35 Neste quadro, adquire importância também o celibato sacerdotal, sinal de uma esperança deposta totalmente no Senhor. Não se trata de simples disciplina eclesiástica imposta pela autoridade; pelo contrário, aquele é primariamente uma graça, um dom inestimável de Deus à Igreja, valor profético para o mundo actual, fonte de intensa vida espiritual e de fecundidade pastoral, testemunho do Reino escatológico, sinal do amor de Deus por este mundo e ainda do amor indiviso do sacerdote para com Deus e o seu povo.(58) Vivido como resposta ao dom de Deus e superação das tentações duma sociedade hedonista, o celibato não só favorece a realização humana de quem é chamado, mas revela-se um factor de crescimento também para os outros.

Considerado em toda a Igreja como conveniente ao sacerdócio,(59) exigido como obrigação pela Igreja Latina,(60) sumamente respeitado pelas Igrejas Orientais,(61) o celibato revela-se, no âmbito da cultura actual, um sinal eloquente que deve ser preservado como bem precioso para a Igreja. Uma revisão da disciplina actual em tal matéria não permitiria resolver a crise de vocações ao presbiterado que se verifica em muitas partes da Europa.(62) Um empenho ao serviço do Evangelho da esperança requer também que, na Igreja, se tenha a peito apresentar o celibato em toda a sua riqueza bíblica, teológica e espiritual.


36 Não podemos ignorar que actualmente o exercício do ministério sagrado encontra não poucas dificuldades, devidas quer à cultura reinante quer à diminuição numérica dos próprios presbíteros com o aumento de encargos pastorais e o cansaço que isso pode comportar. Consequentemente, são ainda mais dignos de estima, gratidão e solidariedade os sacerdotes que vivem, com dedicação e fidelidade admirável, o ministério que lhes foi confiado.(63)

Retomando as palavras escritas pelos padres sinodais, desejo fazer-lhes chegar, com confiança e gratidão, o meu encorajamento: « Não desanimeis, nem vos deixeis dominar pelo cansaço; em plena comunhão connosco, os Bispos, em jubilosa fraternidade com os outros presbíteros, em cordial corresponsabilidade com os consagrados e todos os fiéis-leigos, continuai a vossa obra preciosa e insubstituível ».(64)

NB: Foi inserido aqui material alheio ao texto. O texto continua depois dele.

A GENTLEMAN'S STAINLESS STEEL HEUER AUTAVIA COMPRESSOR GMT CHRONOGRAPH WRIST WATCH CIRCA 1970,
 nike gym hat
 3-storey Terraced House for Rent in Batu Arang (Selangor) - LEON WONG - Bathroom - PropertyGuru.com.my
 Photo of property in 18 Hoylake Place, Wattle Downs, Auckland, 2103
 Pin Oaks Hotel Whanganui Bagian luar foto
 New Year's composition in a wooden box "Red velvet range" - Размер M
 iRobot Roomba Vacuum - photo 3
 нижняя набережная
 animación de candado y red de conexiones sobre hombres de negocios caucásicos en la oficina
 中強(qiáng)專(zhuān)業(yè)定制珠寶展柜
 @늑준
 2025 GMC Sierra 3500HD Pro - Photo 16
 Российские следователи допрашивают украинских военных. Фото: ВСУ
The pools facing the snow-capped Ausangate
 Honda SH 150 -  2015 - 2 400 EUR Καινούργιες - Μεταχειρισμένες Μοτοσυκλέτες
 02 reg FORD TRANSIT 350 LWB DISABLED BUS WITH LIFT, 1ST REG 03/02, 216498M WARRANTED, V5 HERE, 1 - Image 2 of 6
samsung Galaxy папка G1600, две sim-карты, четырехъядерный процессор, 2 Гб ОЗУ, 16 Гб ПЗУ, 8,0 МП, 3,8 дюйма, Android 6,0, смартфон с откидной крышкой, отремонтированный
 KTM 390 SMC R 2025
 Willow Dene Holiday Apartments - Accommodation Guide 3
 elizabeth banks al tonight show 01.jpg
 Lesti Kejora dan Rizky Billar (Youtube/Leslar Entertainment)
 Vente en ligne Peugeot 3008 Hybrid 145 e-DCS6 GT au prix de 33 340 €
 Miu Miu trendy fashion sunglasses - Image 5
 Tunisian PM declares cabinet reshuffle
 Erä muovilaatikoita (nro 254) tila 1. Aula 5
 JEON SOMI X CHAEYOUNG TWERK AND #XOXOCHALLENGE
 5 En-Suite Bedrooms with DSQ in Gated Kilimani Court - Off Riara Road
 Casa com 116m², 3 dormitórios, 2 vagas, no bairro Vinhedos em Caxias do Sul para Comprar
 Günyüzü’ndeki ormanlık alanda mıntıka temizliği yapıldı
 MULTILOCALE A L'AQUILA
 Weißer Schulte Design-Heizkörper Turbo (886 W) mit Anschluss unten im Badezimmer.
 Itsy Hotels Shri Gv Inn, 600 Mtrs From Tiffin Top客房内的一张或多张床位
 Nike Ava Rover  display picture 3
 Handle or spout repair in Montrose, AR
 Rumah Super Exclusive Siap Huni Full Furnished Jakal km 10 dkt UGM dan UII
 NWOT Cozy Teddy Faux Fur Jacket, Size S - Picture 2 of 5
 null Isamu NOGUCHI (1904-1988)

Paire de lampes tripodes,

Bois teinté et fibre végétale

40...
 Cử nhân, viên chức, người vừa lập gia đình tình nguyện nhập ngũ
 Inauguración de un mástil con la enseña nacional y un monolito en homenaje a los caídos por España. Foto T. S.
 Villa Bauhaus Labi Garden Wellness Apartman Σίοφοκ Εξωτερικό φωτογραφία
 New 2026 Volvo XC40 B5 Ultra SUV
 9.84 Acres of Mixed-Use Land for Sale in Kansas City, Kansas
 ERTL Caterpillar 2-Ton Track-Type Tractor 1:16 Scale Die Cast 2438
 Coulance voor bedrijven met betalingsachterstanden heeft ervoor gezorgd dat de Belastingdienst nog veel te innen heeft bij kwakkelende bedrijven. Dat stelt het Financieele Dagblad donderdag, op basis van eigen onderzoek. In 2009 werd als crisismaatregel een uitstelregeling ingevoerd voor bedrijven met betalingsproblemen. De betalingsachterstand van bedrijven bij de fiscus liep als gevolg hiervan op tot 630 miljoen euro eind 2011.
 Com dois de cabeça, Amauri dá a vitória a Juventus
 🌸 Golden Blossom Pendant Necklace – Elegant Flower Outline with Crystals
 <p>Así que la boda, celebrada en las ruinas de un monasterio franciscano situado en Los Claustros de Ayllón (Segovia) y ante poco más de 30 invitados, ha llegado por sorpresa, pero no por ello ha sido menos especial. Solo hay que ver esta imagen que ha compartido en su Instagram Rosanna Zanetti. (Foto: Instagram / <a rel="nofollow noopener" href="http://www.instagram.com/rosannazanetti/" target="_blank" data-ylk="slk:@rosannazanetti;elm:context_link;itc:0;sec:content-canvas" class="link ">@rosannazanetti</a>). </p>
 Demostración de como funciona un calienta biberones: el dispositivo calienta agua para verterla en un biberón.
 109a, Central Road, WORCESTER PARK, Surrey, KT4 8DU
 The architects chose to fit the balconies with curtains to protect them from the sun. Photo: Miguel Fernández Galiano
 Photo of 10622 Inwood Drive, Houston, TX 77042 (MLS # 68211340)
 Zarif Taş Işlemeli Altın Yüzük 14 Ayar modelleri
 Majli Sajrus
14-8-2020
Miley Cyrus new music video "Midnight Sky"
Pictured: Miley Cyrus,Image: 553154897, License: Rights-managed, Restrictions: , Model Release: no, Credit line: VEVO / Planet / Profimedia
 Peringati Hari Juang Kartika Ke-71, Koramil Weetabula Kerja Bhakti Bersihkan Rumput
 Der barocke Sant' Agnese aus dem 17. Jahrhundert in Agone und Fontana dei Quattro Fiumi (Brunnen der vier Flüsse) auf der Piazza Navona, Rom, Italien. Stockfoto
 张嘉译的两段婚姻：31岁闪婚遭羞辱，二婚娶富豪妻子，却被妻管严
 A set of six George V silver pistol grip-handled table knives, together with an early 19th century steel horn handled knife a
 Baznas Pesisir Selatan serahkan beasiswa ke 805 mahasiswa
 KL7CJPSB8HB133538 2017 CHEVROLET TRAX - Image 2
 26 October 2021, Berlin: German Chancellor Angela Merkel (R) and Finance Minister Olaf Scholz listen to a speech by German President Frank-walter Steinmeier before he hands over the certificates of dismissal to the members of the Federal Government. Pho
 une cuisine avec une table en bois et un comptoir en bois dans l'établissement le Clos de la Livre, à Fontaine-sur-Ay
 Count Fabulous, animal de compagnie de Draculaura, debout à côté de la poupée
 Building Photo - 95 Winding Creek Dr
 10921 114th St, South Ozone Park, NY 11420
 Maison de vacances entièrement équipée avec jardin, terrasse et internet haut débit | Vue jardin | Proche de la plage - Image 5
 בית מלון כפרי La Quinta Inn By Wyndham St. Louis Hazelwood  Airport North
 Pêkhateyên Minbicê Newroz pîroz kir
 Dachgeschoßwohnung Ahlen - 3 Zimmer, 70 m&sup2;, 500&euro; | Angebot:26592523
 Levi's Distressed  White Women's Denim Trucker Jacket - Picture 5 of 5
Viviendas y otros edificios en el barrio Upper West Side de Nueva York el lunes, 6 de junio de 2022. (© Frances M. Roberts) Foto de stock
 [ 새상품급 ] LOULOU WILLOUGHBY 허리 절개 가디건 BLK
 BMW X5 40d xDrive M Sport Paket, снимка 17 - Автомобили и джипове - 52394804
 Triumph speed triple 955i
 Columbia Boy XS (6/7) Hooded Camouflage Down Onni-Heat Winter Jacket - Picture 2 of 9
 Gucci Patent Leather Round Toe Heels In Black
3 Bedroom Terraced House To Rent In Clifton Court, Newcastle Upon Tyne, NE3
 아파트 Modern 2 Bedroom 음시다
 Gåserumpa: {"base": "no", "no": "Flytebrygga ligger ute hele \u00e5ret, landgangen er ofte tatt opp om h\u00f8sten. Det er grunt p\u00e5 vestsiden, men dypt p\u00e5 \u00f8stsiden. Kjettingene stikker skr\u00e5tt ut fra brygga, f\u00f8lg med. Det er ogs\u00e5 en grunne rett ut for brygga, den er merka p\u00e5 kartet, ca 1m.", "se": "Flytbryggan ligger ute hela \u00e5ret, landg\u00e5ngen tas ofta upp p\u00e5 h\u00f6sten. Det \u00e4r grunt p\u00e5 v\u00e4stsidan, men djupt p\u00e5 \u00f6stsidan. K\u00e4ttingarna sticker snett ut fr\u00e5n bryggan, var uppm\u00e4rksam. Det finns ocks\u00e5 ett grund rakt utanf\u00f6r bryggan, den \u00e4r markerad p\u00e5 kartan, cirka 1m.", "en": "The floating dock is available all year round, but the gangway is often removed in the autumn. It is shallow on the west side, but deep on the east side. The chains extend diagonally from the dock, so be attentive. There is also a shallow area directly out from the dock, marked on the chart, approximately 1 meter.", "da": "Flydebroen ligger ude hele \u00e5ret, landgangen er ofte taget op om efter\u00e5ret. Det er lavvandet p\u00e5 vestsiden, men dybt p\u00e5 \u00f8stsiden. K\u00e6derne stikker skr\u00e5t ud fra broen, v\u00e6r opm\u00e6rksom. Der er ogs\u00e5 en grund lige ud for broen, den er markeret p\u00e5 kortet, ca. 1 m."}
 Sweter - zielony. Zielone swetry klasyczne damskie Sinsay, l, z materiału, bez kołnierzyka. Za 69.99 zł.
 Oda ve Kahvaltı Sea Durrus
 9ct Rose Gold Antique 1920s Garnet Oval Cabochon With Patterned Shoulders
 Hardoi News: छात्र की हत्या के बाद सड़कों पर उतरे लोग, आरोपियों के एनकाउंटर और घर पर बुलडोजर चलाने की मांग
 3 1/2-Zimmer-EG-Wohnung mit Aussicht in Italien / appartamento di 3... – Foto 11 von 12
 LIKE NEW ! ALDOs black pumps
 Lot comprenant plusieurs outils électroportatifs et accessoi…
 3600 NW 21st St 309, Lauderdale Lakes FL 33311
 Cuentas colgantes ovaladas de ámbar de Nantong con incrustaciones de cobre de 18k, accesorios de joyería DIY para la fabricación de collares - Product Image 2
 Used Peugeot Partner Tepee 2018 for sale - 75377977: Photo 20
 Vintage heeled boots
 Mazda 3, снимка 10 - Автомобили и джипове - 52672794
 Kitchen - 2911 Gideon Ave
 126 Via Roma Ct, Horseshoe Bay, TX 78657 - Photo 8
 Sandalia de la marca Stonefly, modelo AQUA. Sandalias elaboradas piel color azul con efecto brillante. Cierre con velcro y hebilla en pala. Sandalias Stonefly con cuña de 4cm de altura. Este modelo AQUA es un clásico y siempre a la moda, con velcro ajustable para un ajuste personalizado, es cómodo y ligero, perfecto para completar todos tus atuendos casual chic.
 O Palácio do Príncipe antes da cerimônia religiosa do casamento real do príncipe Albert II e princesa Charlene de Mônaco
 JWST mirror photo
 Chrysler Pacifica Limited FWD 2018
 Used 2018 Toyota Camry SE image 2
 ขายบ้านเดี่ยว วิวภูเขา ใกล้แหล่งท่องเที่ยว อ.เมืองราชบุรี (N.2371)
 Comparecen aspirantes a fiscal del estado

Com os presbíteros, desejo recordar também os diáconos, que, embora em grau diverso, participam do mesmo sacramento da Ordem. Colocados ao serviço da comunhão eclesial, exercem, sob a guia do Bispo e com o seu presbitério, a « diaconia » da liturgia, da palavra e da caridade.(65) E desta forma que lhes é própria, também eles estão ao serviço do Evangelho da esperança.

O testemunho dos consagrados


37 Particularmente eloquente é o testemunho das pessoas consagradas. A este respeito, há que reconhecer antes de mais nada o papel fundamental que teve o monaquismo e a vida consagrada na evangelização da Europa e na construção da sua identidade cristã.(66) O seu contributo não deve faltar hoje, num tempo em que é urgente uma « nova evangelização » do continente e em que a edificação de estruturas e laços mais complexos o obriga a uma viragem delicada. A Europa tem sempre necessidade da santidade, da profecia, da actividade de evangelização e serviço das pessoas consagradas. É de assinalar também o contributo específico que os Institutos Seculares e as Sociedades de Vida Apostólica podem oferecer na sua aspiração de transformar o mundo a partir de dentro através da força das bem-aventuranças.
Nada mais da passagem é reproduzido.